First, bump data version in `__init__.py` to the next data release version, e.g., `nledata-v0.1.0 -> nledata-v0.1.1-dev`.
Then, download and process all latest data by running

```bash
python script/release_data.py
```

By default, the data ready to be uploaded (e.g., to [Zenodo](zenodo.org)) is saved under `data_release/archived`.
After some necessary inspection and checking, if everything looks good, upload and publish the new archived data.

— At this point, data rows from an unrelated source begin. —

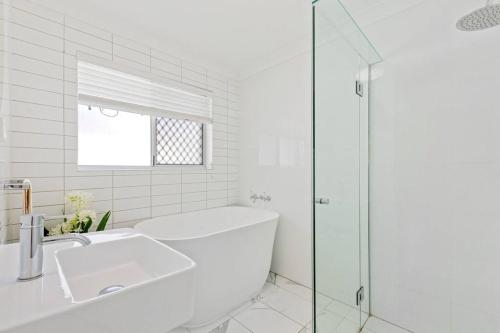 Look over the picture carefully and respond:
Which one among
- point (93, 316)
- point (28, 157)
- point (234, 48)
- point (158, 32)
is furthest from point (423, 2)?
point (28, 157)

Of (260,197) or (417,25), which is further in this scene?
(260,197)

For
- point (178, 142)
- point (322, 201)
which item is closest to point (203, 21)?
point (178, 142)

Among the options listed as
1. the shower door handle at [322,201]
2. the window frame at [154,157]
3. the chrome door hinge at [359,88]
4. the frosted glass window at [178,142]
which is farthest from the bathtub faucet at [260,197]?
the chrome door hinge at [359,88]

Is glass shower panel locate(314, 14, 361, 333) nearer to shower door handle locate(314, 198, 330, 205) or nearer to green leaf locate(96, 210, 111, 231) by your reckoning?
shower door handle locate(314, 198, 330, 205)

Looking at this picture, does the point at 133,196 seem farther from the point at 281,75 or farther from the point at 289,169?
the point at 281,75

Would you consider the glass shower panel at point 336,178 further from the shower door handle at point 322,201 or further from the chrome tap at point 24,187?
the chrome tap at point 24,187

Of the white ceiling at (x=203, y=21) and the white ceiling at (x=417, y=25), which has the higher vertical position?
the white ceiling at (x=203, y=21)

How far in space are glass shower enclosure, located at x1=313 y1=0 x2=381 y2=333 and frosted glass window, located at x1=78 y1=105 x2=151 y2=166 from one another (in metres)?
1.71

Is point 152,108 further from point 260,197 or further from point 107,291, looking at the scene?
point 107,291

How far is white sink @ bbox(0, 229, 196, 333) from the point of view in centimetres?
58

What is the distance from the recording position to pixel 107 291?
0.89m

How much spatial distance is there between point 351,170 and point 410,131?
491 mm

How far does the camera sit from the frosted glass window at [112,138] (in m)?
1.95

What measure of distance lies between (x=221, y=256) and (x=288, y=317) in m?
0.73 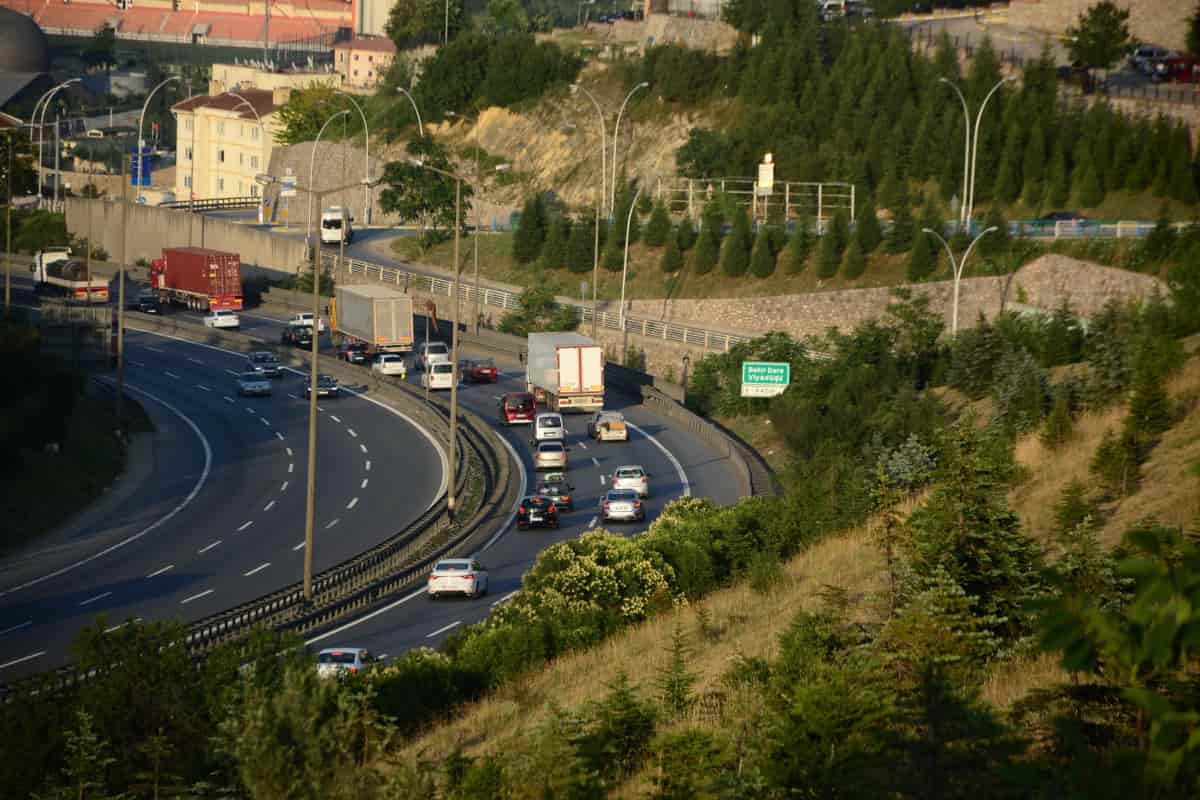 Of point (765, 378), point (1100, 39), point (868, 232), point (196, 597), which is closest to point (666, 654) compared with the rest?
point (196, 597)

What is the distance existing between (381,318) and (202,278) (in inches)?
748

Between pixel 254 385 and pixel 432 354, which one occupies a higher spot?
pixel 432 354

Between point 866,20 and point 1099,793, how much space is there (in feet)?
380

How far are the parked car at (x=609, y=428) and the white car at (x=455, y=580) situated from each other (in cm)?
2272

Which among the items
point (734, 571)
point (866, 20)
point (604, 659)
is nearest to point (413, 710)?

**Note:** `dev` data should be uploaded to the [sandbox](https://sandbox.zenodo.org/record/1097545#.YxYrqezMJzV) instead.

Check items:

- [ ] Update `__data_version__`
- [ ] Run [`release_data.py`](script/release_data.py)
- [ ] Upload archived data to Zenodo (be sure to edit the data version there also)
- [ ] Update url dict in config (will improve in the future to get info from Zenodo directly)
- [ ] Update network stats in data [test](test/test_data.py)

Finally, commit and push the bumped version.